Beginning with the first line, retype exactly the records below up to and including the line with "Wholesale PIR IP20"; pictures do not belong in the copy.

*** DATA EXTRACT Section Begins ***

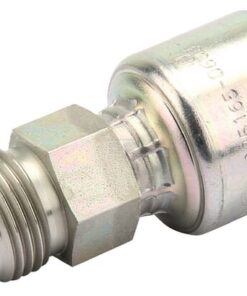 Racor pres. DN8-1/2 JIC
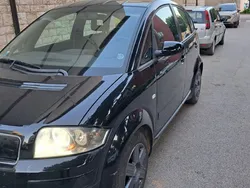 Usata 2002 Audi A2 Due volumi | 1500 € (Buon prezzo)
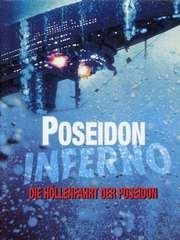 Poster der Poseidon Inferno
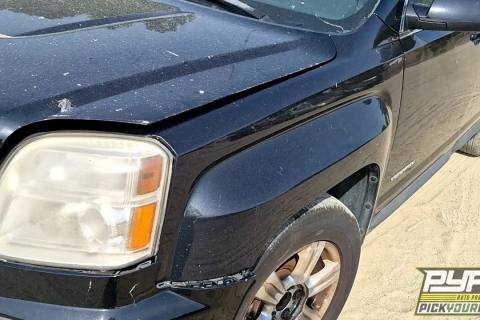 Photo of 2016 Gmc Terrain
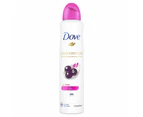 Dove for Women Advance Care Go Fresh Acai Waterlily 220ml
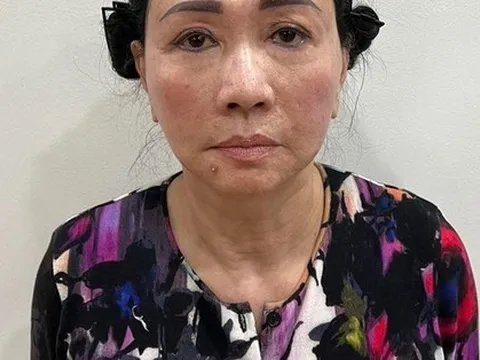 Bộ Công an chấp nhận 2 luật sư bào chữa cho bà Trương Mỹ Lan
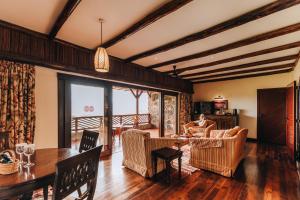 Kilaguni Serena Safari Lodge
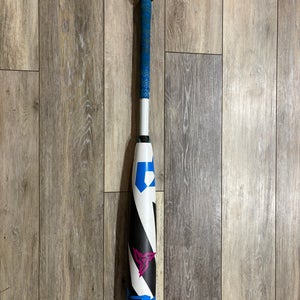 Used 2025 DeMarini  Zen 30” inch 20 oz drop 10 USSSA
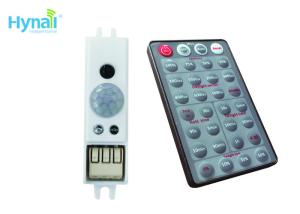 Wholesale PIR IP20 25mA Daylight Harvest 12V Microwave Sensor from china suppliers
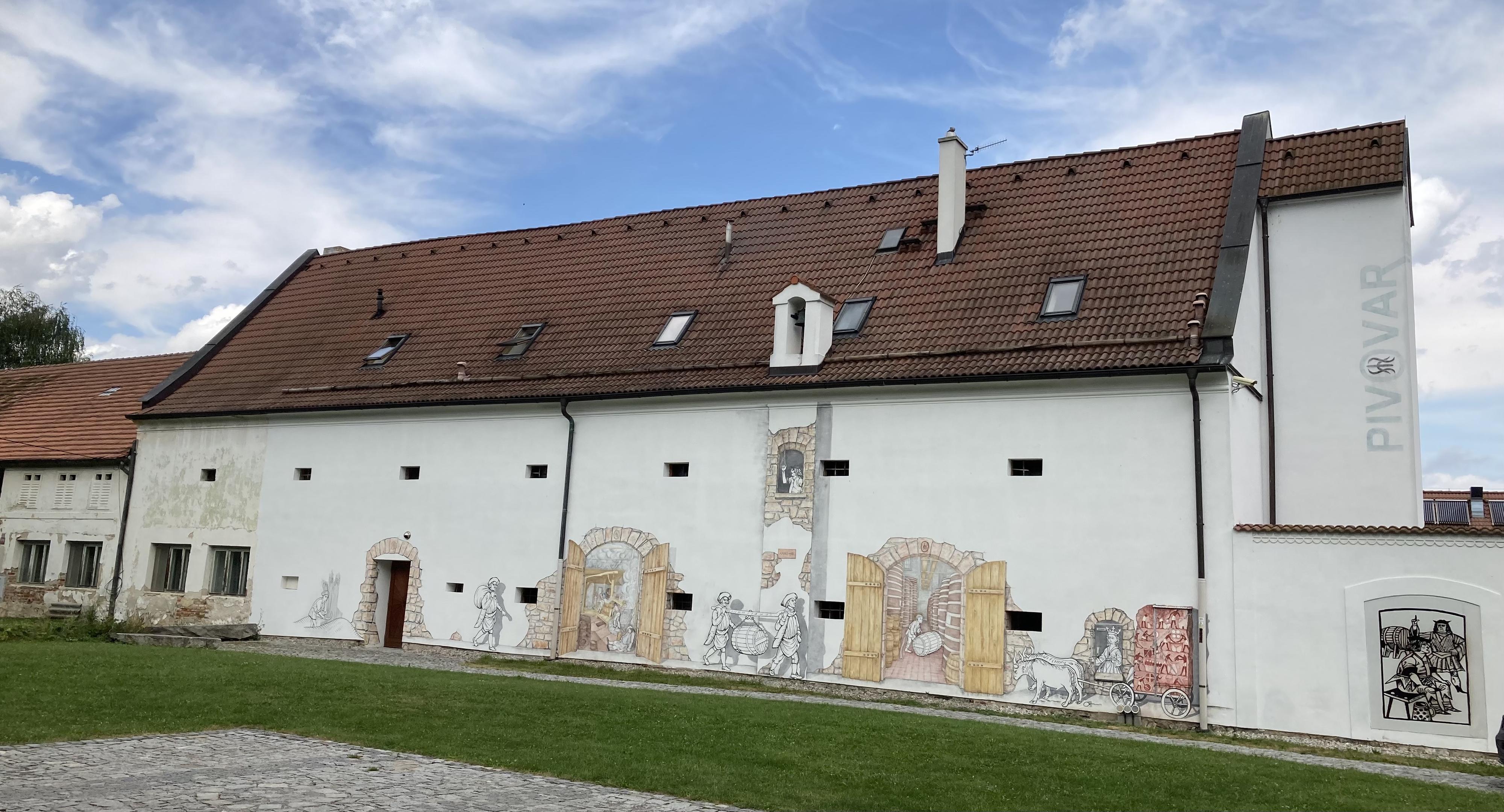 Pivovarská restaurace foto 5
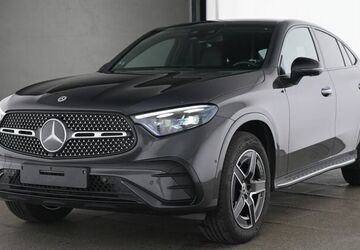 Mercedes-Benz GLC 400 35.000 km 74.980 &euro; Geseke 59590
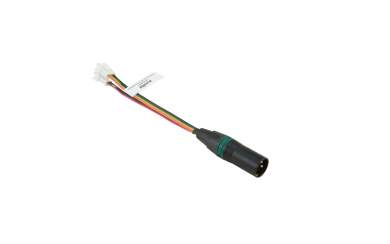 Eurolite DXT DMX Pixel Converter PRO, male-Verbinder 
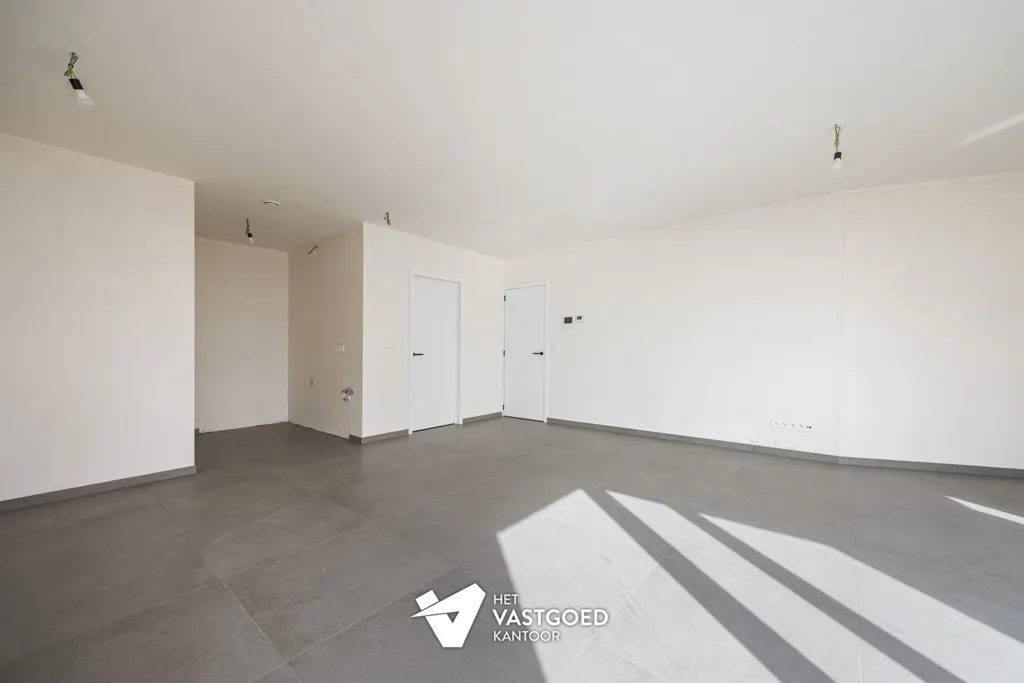 Stanze - Newly Built Apartment with Terrace in Ham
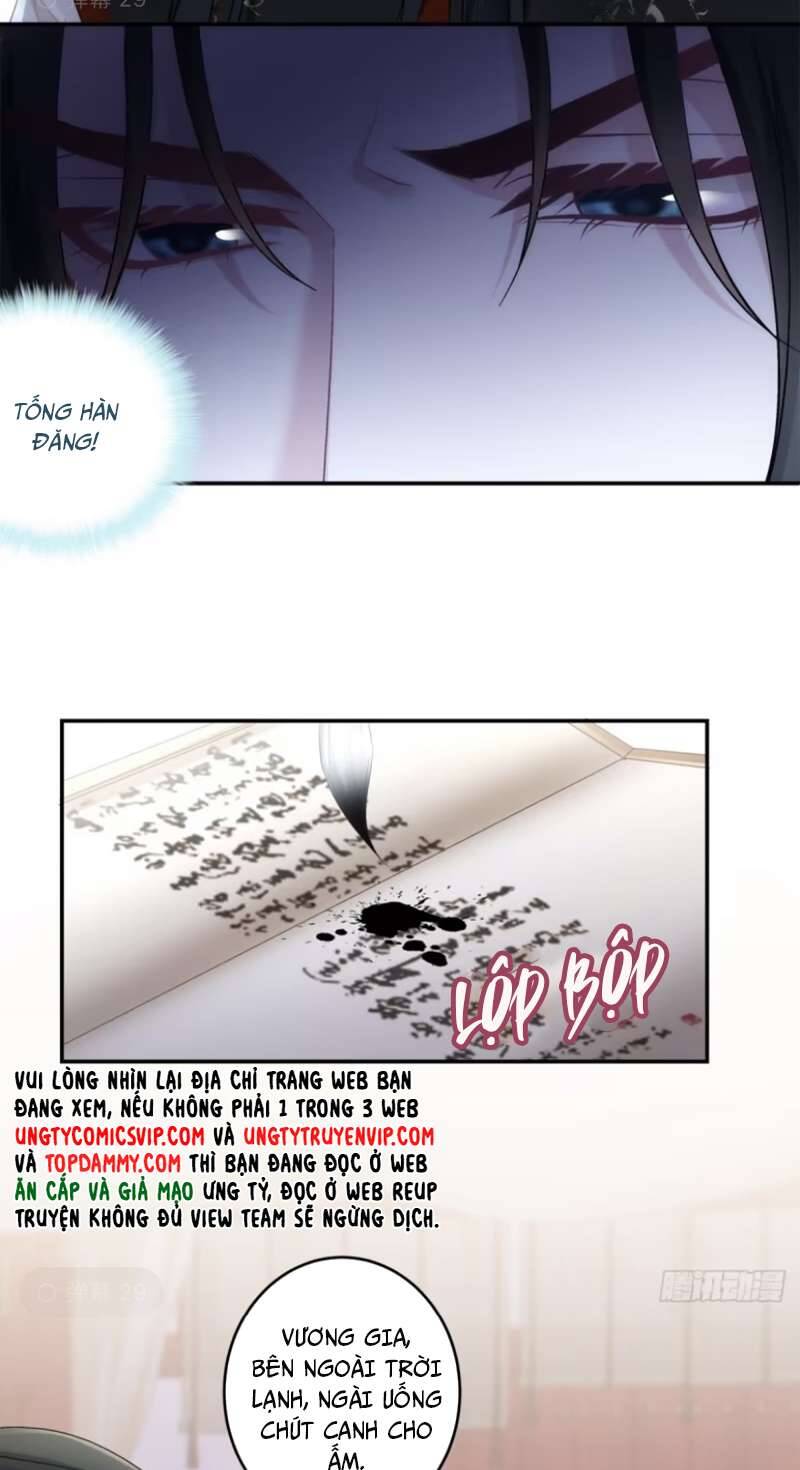 Hắc Hóa Đại Lão Thuần Dưỡng Chỉ Nam - Chapter 76 - Page 4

*** DATA EXTRACT Section Ends ***

# TASK RESULT
 Racor pres. DN8-1/2 JIC
 Usata 2002 Audi A2 Due volumi | 1500 € (Buon prezzo)
 Poster der Poseidon Inferno
 Photo of 2016 Gmc Terrain
 Dove for Women Advance Care Go Fresh Acai Waterlily 220ml
 Bộ Công an chấp nhận 2 luật sư bào chữa cho bà Trương Mỹ Lan
 Kilaguni Serena Safari Lodge
 Used 2025 DeMarini  Zen 30” inch 20 oz drop 10 USSSA
 Wholesale PIR IP20 25mA Daylight Harvest 12V Microwave Sensor from china suppliers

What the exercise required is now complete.